En paralelo el Imaep, excluyendo los sectores de agricultura y binacionales que evalúa el comportamiento esencial de la economía, evidenció un avance aún más destacado: un crecimiento interanual del 3,8% en abril y un acumulado del 6,1% entre enero y abril.
La diferencia en los indicadores radica en el débil desempeño del sector agropecuario. Según cifras del Ministerio de Agricultura y Ganadería (MAG), la producción de soja registró una marcada caída, afectando el desempeño general del ámbito agrícola. A esto se sumaron retrocesos en la faena de bovinos y aves, así como en la producción de leche y huevos, lo que también perjudicó al sector ganadero.

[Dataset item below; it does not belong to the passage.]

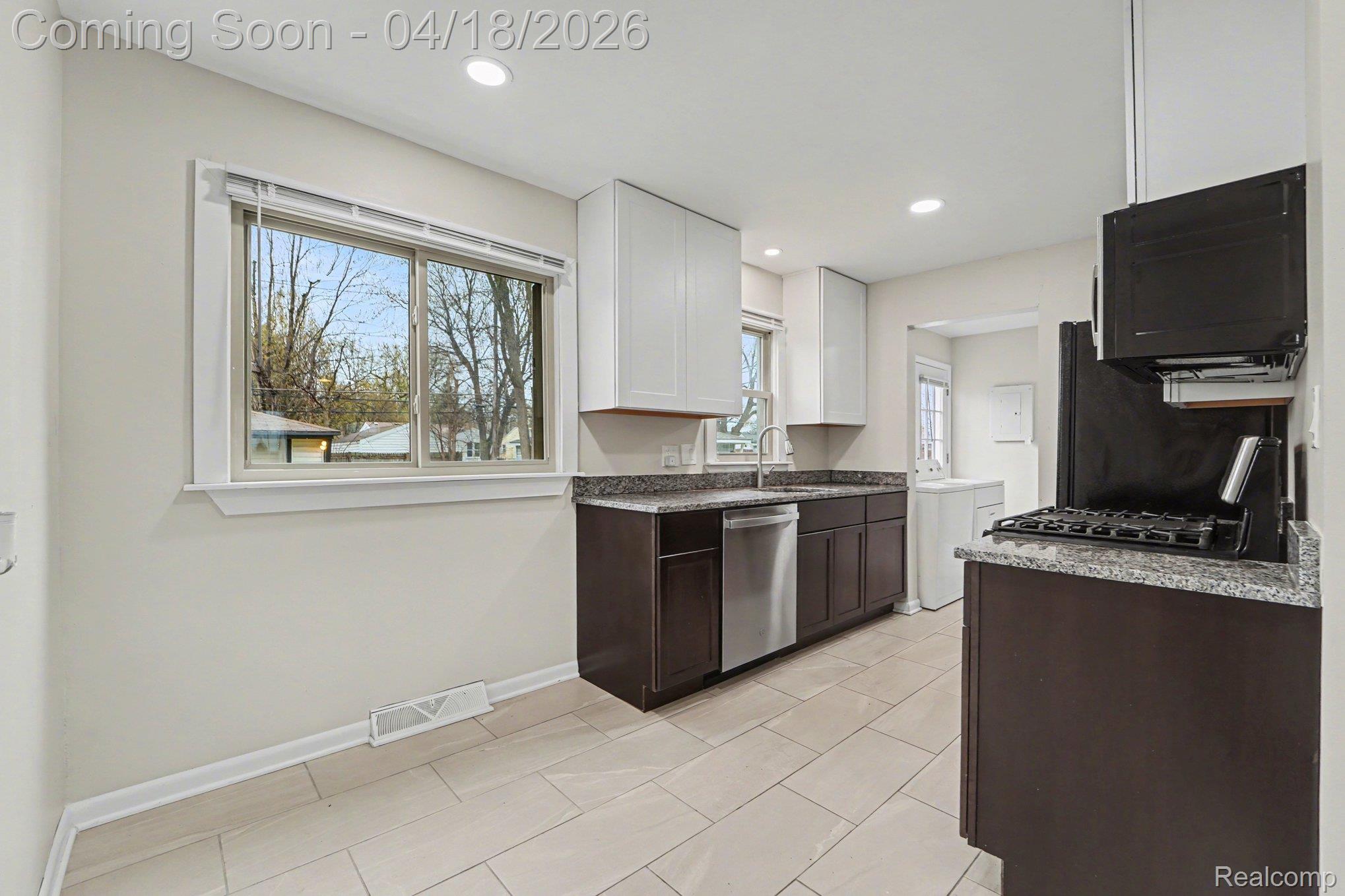 23578 Blackett Avenue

En contraste, los sectores servicios y manufacturas mostraron un comportamiento positivo, consolidándose como pilares del crecimiento económico. Adicionalmente, la generación de energía eléctrica, especialmente en las binacionales, contribuyó de manera significativa al resultado mensual.
El sector construcción también mantuvo un notable dinamismo, impulsado por un aumento en la realización de obras públicas y privadas, confirmando su papel como motor de empleo e inversión.
La brecha observada entre el Imaep total y el Imaep sin agricultura y binacionales destaca la alta dependencia de la economía paraguaya en sectores tradicionales, como la agricultura, que a su vez es muy vulnerable al ecosistema.
Este panorama refuerza la importancia de avanzar hacia una estructura productiva más diversificada, capaz de mitigar los efectos derivados de la volatilidad climática y las fluctuaciones internacionales sobre la economía nacional. O en otras palabras, el país debe apostar por la diversificación de su producción y buscar nuevos horizontes para que la economía tenga un salto más que cuantitativo, cualitativo.